F. Air Yang Terkena Najis
Mengenai air yang terkena najis ini ada dua macam keadaan, yaitu:
Pertama: Jika najis yang mengenai air itu merubah rasa, warna atau baunya. Menurut kesepakatan para ulama, air yang berada dalam kondisi seperti itu tidak boleh dipergunakan untuk bersuci.
Kedua: Jika air masih tetap dalam keadaansuci dan mensucikan, dimana salah satu dari ketiga sifatnya (rasa, warna dan
bau) itu tidak ada yang berubah. Pada keadaan seperti ini, air tetap suci dan
mensucikan. Dalil yang menjadi landasannya adalah hadits dari Abu Hurairah Radhiyallahu Anhu, dimana ia menceritakan:
قَامَ أَعْرَابِيُّ فَبَالَ فِي الْمَسْجِدِ، فَقَامَ إِلَيْهِ النَّاسُ لِيُقَعُوا بِهِ، فَقَالَ النَّبِيُّ ، دَعُوهُ وَأَرِيْقُوْا عَلَى بَوْلِهِ سَحْلاً مِنْ مَاءٍ، أَوْ ذُنُوبًا مِنْ مَاءٍ فَإِنَّمَا بُعِثْتُمْ مُيَسْرِينَ وَلَمْ تُبْعَثُوا مُعَسِّرِينَ. ورواه الجماعة إلا مسلم الله
"Ada seorang badui yang kencing di masjid.
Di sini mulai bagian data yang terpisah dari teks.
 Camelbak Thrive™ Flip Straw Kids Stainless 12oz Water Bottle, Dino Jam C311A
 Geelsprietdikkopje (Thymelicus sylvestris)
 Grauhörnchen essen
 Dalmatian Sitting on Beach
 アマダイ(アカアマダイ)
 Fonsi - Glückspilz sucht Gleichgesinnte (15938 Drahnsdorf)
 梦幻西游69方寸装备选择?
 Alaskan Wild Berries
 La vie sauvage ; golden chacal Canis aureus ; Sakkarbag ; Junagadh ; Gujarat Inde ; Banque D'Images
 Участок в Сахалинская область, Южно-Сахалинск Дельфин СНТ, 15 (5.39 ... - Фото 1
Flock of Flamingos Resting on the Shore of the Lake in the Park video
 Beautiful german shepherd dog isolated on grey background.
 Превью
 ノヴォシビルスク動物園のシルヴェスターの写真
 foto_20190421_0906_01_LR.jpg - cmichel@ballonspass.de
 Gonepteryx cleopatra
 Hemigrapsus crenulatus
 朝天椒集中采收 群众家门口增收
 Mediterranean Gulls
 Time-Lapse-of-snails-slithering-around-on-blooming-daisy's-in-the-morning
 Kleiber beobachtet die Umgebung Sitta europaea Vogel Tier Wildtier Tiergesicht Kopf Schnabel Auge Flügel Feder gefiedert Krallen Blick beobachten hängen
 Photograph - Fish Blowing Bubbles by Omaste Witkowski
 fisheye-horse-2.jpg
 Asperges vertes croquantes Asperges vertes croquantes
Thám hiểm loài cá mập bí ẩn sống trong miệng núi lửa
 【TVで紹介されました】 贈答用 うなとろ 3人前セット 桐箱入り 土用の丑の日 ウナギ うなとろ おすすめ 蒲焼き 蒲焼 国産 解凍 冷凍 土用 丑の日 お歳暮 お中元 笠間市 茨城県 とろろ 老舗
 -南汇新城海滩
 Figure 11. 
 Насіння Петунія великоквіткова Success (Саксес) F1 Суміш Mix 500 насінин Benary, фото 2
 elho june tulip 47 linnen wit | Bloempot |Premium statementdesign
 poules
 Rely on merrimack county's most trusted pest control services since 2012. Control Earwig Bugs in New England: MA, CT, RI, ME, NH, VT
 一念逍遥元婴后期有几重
Lalu para sahabat berdiri menghampiri badui tersebut untuk memarahinya. Akan tetapi, Nabi melarang para shahabat dengan berkata: Biarkanlah ia, dan siramlah
air kencingnya itu dengan satu ember atau satu geribah. Karena sesungguhnya kalian diutus untuk memberi kemudahan bukan untuk mempersulit." (HR. Jama'ah, kecuali Imam Muslim)
Juga hadits dari Abu Sa'id Al-Khudri Radhiyallahu Anhu, dia berkata:
قِيلَ يَا رَسُولَ اللَّهِ أَنتَوَضَأَ مِنْ بشر بُضَاعَةَ؟ فَقَالَ : الْمَاء طَهُورٌ لا يُنَجِّسُهُ شيء. ورواه أحمد والشافعي وأبو داود والنسائي والترمذي
"Pernah ditanyakan kepada Rasulullah: Wahai Rasulullah, apakah kita akan berwudhu' dengan air sumur Bidha'ah (salah satu sumur yang ada di kota Madinah yang biasa digunakan untuk membuang kain bekas pembalut wanita, daging anjing serta kotoran-kotoran lain,)? Beliau menjawab: Air itu suci dan mensucikan, tidak dinajiskan oleh sesuatu apapun." (HR. Ahmad, Asy-Syafi'i, Abu Dawud, An-Nasa'i dan At-Tirmidzi)
Mengenai hadits ini, Imam At-Tirmidzi mengatakan berstatus hasan. Sedangkan Imam Ahmad mengatakan, bahwa hadits mengenai sumur Bidha'ah ini berstatus shahih dan dishahihkan oleh Yahya bin Ma'in serta Abu Muhammad bin Hazm.
G. Air Yang Jumlahnya Mencapai Dua Kullah
Ada hadits dari Abdullah bin Umar Radhiyallahu Anhu, bahwa Nabi Shallallahu Alaihi wa Sallam pernah bersabda:
"Apabila jumlah air itu mencapai jumlah dua kullah," maka air itu tidak mengandung kotoran (tidak najis)." (HR. Khamsah)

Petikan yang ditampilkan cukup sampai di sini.